_What you will do_
Copy the data from the line that contains "4121 Whatuthink Road" to its last line, exactly, including both of those lines and leaving out everything before.

_Data supplied_
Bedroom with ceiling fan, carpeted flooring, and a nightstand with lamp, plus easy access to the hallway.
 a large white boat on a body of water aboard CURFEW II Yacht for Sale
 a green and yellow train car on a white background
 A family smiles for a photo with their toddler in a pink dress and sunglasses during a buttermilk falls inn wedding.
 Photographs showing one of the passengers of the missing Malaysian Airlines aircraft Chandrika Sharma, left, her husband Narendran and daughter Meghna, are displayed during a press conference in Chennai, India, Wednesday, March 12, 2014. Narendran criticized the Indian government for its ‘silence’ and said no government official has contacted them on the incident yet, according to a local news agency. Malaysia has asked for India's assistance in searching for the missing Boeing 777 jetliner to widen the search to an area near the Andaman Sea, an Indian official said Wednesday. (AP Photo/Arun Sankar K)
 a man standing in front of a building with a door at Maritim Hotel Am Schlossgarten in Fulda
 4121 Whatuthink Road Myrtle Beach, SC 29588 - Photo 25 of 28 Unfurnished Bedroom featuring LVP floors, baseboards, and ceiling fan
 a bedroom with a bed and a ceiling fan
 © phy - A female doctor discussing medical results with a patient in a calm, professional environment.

_Response below_
 4121 Whatuthink Road Myrtle Beach, SC 29588 - Photo 25 of 28 Unfurnished Bedroom featuring LVP floors, baseboards, and ceiling fan
 a bedroom with a bed and a ceiling fan
 © phy - A female doctor discussing medical results with a patient in a calm, professional environment.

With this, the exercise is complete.